» **INSTRUCTIONS FOR THE TASK**:
All of the data below is to be written out again exactly.

★ ★ ★

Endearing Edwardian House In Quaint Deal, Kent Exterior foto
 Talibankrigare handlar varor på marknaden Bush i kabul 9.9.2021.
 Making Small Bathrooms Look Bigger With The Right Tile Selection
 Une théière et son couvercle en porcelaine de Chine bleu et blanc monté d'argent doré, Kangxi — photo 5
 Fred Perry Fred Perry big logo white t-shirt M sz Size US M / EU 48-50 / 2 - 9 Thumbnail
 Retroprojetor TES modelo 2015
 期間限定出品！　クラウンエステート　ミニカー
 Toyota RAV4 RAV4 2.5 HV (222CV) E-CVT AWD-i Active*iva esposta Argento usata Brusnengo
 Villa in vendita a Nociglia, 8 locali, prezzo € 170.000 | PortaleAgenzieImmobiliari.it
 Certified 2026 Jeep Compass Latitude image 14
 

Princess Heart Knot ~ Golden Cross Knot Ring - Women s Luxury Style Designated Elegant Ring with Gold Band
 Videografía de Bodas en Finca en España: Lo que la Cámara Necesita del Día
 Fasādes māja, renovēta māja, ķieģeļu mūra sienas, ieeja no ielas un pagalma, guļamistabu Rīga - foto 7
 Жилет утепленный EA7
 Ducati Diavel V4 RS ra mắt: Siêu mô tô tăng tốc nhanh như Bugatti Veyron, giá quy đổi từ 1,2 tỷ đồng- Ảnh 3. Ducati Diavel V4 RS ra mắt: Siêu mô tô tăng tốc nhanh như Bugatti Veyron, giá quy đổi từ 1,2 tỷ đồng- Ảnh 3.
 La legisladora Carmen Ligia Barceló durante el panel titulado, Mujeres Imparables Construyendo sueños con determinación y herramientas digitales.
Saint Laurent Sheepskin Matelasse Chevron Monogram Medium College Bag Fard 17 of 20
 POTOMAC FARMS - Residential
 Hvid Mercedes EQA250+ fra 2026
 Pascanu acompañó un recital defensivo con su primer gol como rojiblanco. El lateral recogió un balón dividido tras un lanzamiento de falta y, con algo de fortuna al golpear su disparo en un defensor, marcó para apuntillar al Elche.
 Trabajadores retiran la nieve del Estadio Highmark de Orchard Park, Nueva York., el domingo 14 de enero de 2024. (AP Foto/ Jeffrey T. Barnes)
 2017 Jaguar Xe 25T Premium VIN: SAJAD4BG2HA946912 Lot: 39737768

★ ★ ★

» **OUTPUT OF THE EXERCISE**:
Endearing Edwardian House In Quaint Deal, Kent Exterior foto
 Talibankrigare handlar varor på marknaden Bush i kabul 9.9.2021.
 Making Small Bathrooms Look Bigger With The Right Tile Selection
 Une théière et son couvercle en porcelaine de Chine bleu et blanc monté d'argent doré, Kangxi — photo 5
 Fred Perry Fred Perry big logo white t-shirt M sz Size US M / EU 48-50 / 2 - 9 Thumbnail
 Retroprojetor TES modelo 2015
 期間限定出品！　クラウンエステート　ミニカー
 Toyota RAV4 RAV4 2.5 HV (222CV) E-CVT AWD-i Active*iva esposta Argento usata Brusnengo
 Villa in vendita a Nociglia, 8 locali, prezzo € 170.000 | PortaleAgenzieImmobiliari.it
 Certified 2026 Jeep Compass Latitude image 14
 

Princess Heart Knot ~ Golden Cross Knot Ring - Women s Luxury Style Designated Elegant Ring with Gold Band
 Videografía de Bodas en Finca en España: Lo que la Cámara Necesita del Día
 Fasādes māja, renovēta māja, ķieģeļu mūra sienas, ieeja no ielas un pagalma, guļamistabu Rīga - foto 7
 Жилет утепленный EA7
 Ducati Diavel V4 RS ra mắt: Siêu mô tô tăng tốc nhanh như Bugatti Veyron, giá quy đổi từ 1,2 tỷ đồng- Ảnh 3. Ducati Diavel V4 RS ra mắt: Siêu mô tô tăng tốc nhanh như Bugatti Veyron, giá quy đổi từ 1,2 tỷ đồng- Ảnh 3.
 La legisladora Carmen Ligia Barceló durante el panel titulado, Mujeres Imparables Construyendo sueños con determinación y herramientas digitales.
Saint Laurent Sheepskin Matelasse Chevron Monogram Medium College Bag Fard 17 of 20
 POTOMAC FARMS - Residential
 Hvid Mercedes EQA250+ fra 2026
 Pascanu acompañó un recital defensivo con su primer gol como rojiblanco. El lateral recogió un balón dividido tras un lanzamiento de falta y, con algo de fortuna al golpear su disparo en un defensor, marcó para apuntillar al Elche.
 Trabajadores retiran la nieve del Estadio Highmark de Orchard Park, Nueva York., el domingo 14 de enero de 2024. (AP Foto/ Jeffrey T. Barnes)
 2017 Jaguar Xe 25T Premium VIN: SAJAD4BG2HA946912 Lot: 39737768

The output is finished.